Paul Geremia

Paul Geremia is a guitar-picking veteran, a true blues scholar blending jazz and acoustic country styles for over 40 years. Called “one of the finest blues artists” by Rolling Stone, he is a husky, soulful singer and a master of both the six and twelve-string guitar as well as a first-rate harmonica and piano player. He has an innate sense of the humor and drama of the blues, delivering rollicking songs of loving and living with a wink and a smile.

Paul’s background isn’t typical for a bluesman. He is a third generation Italian American who, as he laughingly puts it, “was born in the Providence River Delta.” Growing up in Rhode Island, he bought blues albums at the Salvation Army and heard R&B and jazz from recently relocated African Americans who had moved up from the southeast coast. His first instrument was a harmonica, and in his teens he started fooling around on a friend’s electric guitar. Paul’s dad had an acoustic guitar (a plywood Stella) that he never played, and when he left for college, he took it from behind the couch where it had been gathering dust. It was in college that he really started to focus on the instrument, learning to play from fingerpicking friends who were fans of Chet Atkins.

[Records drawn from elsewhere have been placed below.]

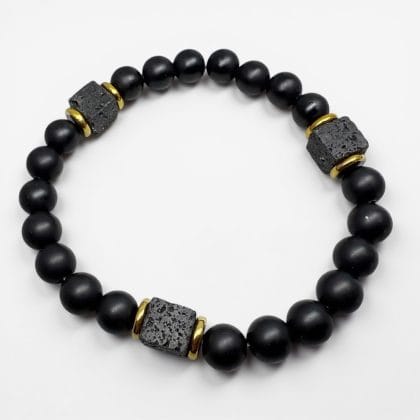 STONY l'homme - Black - 8mm Kralen Armband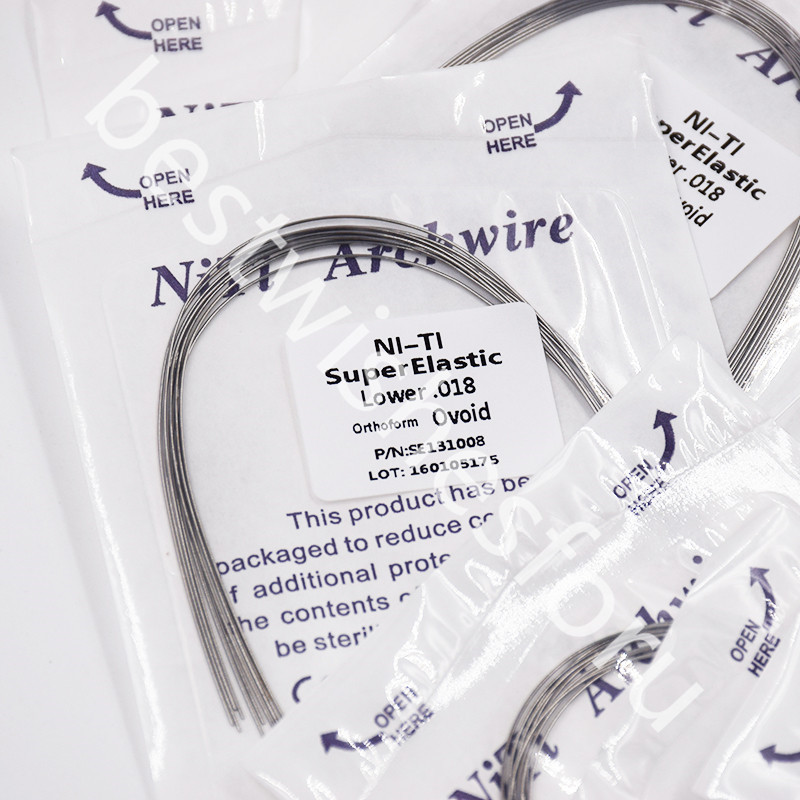 50 Packs Dental Orthodontic Super Elastic Oval Ovoid Form Niti Round Arch Wires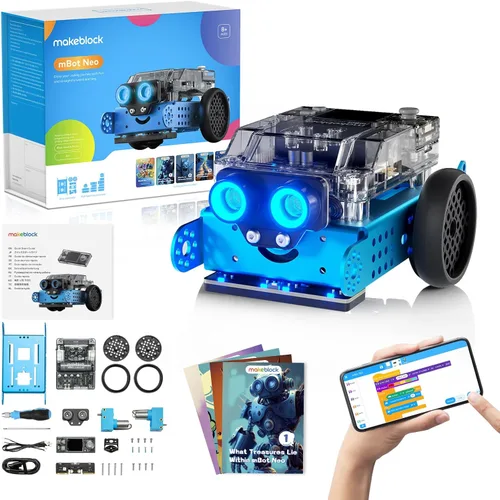 Makeblock mBot2 Robot de Codificación para Niños, Soporte de Aprendizaje AI con Programación Scratch y Python, Kit de Robótica para Niños de 8 a 12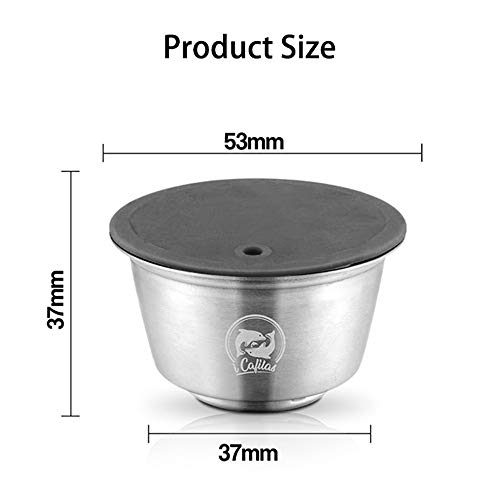 Cápsula de café reutilizável Blusea, conjunto de filtro de café de aço inoxidável, compatível com má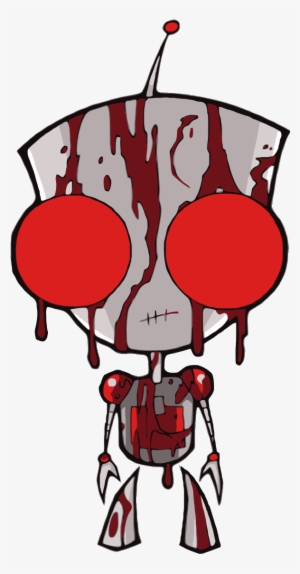 Pokeball Clipart Clip Art - Invader Zim Bloody Gir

During the early part of the Sixties folk revival, Paul got a taste for acoustic blues. At various folk festivals, he heard a lot of young white guys playing blues, guys like Tim Hardin and Tom Rush. Before long, he had the opportunity to hear the great black blues players, men who had recorded in the Twenties and Thirties and were being “rediscovered” by a new generation. Pretty soon Paul was living and playing in the middle of a thriving blues community and had the opportunity to meet some of the greatest players. As his style shows, he’s learned something from every musician he’s met, including Pink Anderson, Fred McDowell, Blind John Davis, Carl Johnson, Skip James, Son House, and Howlin’ Wolf.

Paul has recorded eleven solo albums, and has been featured on numerous anthologies, including Preachin’ the Blues: The Music of Mississippi Fred McDowell (Telarc), which earned a Grammy nomination in 2002. His superb recordings have made him a critical favorite and place him firmly among the legends who inspired and influenced him over the past three decades. Two of his Red House releases, Gamblin’ Woman Blues and Self Portrait in Blues, were both nominated for W.C. Handy Awards. His new live collection Love My Stuff captures Paul at his best—on a stage in front of an audience, giving powerful and soulful performances.

Paul’s performances are a smooth blend of blues styles and traditions. “The whole thing, in a nutshell, is you just absorb as much as you can,” he explained in Acoustic Guitar. He is remarkably well-versed in the music of the great players: the Delta slide of Robert Johnson, the ragtime style of Willie McTell and Blind Blake, Leadbelly and Lemon Jefferson’s Texas sound, the uptown blues of Scrapper Blackwell, and Lonnie Johnson and Teddy Blum’s jazz. In his interpretations as well as original pieces, Paul incorporates the techniques of these legends into a distinctive style that is very much his own. It is no wonder that his list of admirers includes such guitar legends as Bonnie Raitt and John Hammond.